In the world of per-second—or even microsecond—compute resources, unlimited cloud storage, shared Kubernetes clusters, automated deployments, and services that can incur costs based on externally controlled triggers, monthly or quarterly reporting of cloud spending isn’t good enough. Real-time decision making is about getting data—such as spend changes or anomaly alerts—quickly to the people who deploy and manage cloud resources.

As discussed in Chapter 8, FinOps data should be put in the path of the people making infrastructure decisions, informing them of the information they need without adding the extra effort for them to find it. Real-time decisions enable these people to create a fast feedback loop through which they can continuously improve their spending patterns, make intelligent decisions, and improve efficiency.

Focus relentlessly on clean data to drive decisions. FinOps decisions should be based on fully loaded and properly allocated costs. The costs should be amortized to include any prepayments made as part of commitment programs and should reflect the actual discounted rates a company is paying for cloud resources. They should also equitably factor in shared costs and be mapped to the business’s organizational structure. Without these adjustments to your spending data, your teams will make decisions based on incorrect data and hamstring value creation.

#5: A Centralized Team Drives FinOps

Cultural change works best with a flag bearer. A central FinOps function drives best practices into the organization through education, standardization, and evangelism. This centralized team is where you find the subject matter experts who make the changes to culture through advocacy and education. The FinOps team improves the available data via better tooling and modifies the business processes that enable your organization to do FinOps.
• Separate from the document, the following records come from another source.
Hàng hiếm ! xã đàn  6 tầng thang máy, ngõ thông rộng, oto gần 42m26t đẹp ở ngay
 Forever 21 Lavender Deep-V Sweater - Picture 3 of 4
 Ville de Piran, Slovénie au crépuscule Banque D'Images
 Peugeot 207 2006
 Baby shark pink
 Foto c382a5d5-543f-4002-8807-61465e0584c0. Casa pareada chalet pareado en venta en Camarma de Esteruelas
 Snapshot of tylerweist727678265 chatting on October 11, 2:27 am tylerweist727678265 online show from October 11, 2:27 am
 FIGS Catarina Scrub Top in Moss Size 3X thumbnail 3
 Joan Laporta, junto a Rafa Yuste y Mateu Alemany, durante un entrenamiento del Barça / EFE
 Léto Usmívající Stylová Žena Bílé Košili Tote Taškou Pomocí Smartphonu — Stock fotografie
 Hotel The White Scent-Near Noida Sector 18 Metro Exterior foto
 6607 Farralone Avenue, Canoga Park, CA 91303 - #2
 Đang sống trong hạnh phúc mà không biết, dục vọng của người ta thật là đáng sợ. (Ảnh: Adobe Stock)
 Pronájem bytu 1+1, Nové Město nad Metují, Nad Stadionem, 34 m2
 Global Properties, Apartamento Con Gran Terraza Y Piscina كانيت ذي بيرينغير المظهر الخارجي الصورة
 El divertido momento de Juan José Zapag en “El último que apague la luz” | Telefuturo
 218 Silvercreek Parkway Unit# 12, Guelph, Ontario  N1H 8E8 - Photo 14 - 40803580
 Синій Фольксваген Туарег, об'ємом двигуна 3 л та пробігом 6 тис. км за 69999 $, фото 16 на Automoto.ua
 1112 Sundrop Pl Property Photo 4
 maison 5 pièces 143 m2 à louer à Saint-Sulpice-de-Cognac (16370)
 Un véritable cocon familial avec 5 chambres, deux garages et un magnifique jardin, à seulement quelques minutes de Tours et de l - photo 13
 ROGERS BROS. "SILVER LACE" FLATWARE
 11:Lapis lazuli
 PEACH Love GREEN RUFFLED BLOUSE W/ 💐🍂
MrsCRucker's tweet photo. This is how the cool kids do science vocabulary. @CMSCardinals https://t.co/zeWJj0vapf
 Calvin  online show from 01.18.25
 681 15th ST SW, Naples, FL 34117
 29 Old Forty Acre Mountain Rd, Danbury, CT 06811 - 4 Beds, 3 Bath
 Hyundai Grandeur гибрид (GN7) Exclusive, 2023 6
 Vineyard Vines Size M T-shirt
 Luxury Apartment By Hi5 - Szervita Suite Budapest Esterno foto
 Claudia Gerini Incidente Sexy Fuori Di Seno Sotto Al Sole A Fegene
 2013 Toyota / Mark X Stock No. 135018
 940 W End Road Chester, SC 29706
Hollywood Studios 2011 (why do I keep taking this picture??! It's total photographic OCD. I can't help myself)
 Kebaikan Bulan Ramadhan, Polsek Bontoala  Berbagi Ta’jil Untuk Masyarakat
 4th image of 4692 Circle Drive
You maximize the results from rate optimization efforts by centralizing them, which gives your teams on the edge the freedom to maximize the results from usage optimization. Remember, the most successful companies decentralize responsibility to use less, and centralize responsibility to pay less.

FinOps practitioners use performance benchmarking to provide context for how well their organization is performing. Cloud performance benchmarking gives a company objective evidence on how well it’s doing. Benchmarking lets teams know whether they’re spending the correct amount or whether they could be spending less, spending differently, or spending in a better way. Companies should use both internal benchmarks to determine how individual teams compare to each other in key areas such as optimization, and external benchmarks based on industry standards to compare the company as a whole to others like it.

#6: Take Advantage of the Variable Cost Model of the Cloud

In the decentralized world of the cloud, planning for capacity moves from a forward-looking “What are you going to need to cover demand?” perspective to a real-time “How can we stay within our budget given what we’re already using?” perspective. Instead of basing capacity purchases on possible future demand, base your rightsizing, volume discounts, and RI/SP/CUD purchases on your actual usage data. Since you can always purchase more capacity to fit demand, the emphasis becomes making the most out of the services and resources you’re currently using, and to use as few of them for as long as possible.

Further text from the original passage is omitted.